Twenty miles south of Tlaxcala is the ancient religious center of Cholula. For more than a thousand years pilgrims had been coming here from as far away as Guatemala. Quetzalcatl, the plumed serpent, was the major deity worshipped here, but there were temples for other gods as well. In fact, Cholula was said to have a pyramid for every day of the year.

At the time of the conquest, Cholula was under Aztec dominion. They probably expected and received instructions about how to deal with the intruders. After an exchange of emissaries, the Spaniards marched on Cholula with 1000 of their new Tlaxcalan allies.
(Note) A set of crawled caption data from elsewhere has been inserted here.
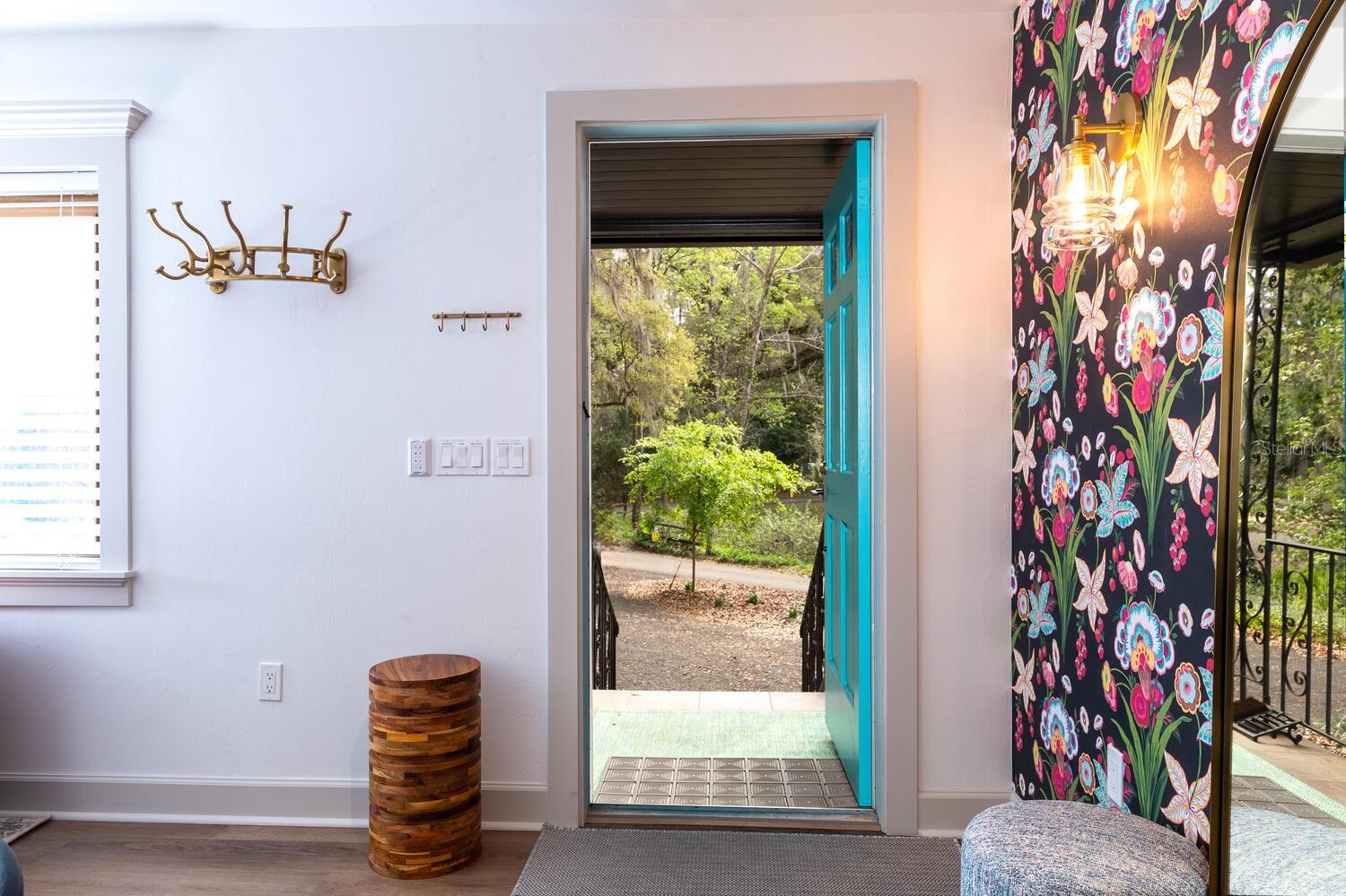 Image 6 of 37 For 304 24th Street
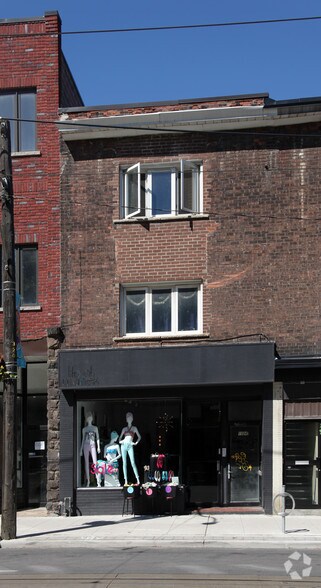 1504 Dundas St W, Toronto, ON à vendre - Photo principale - Image 1 de 1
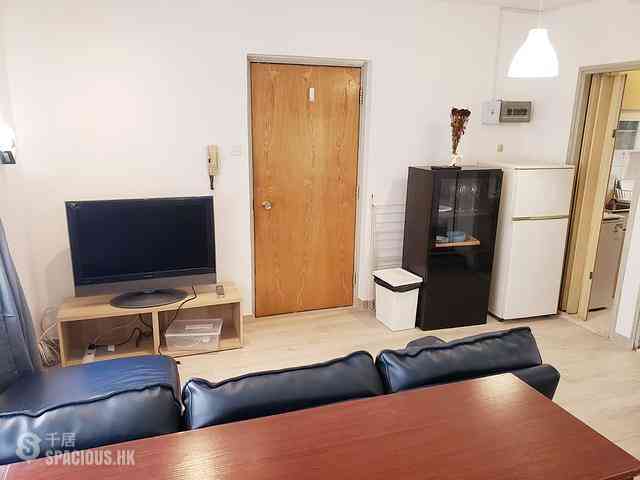 Wan Chai - Luen Lee Building 05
The official version, as presented by Cortés and Díaz and accepted by many later commentators, is that the Aztecs ordered the Cholulans to prepare a trap. The conquistadors were housed in a palace in the town. They were fed and treated well on the first day, but after a couple of days the food stopped coming. A Cholulan woman told La Malinche that the Spaniards were to be murdered the next day, and that she should escape and save herself. Instead, she told Cortés. The next day, convinced that they were slated to be the victims of a treacherous (from their point of view) betrayal, the Spaniards turned the tables on the Cholulans and massacred about ten per cent of the city's population.

Tepanapa Pyramid
When I saw the discord and animosity between these two peoples I was not a little pleased, for it seemed to further my purpose considerably; consequently I might have the opportunity of subduing them more quickly, for as the saying goes, “divided they fall”...And I remember that one of the Gospels says, “Omne regnum....” So I maneuvered one against the other and thanked each side for their warnings and told each that I held his friendship to be of more worth than the other’s.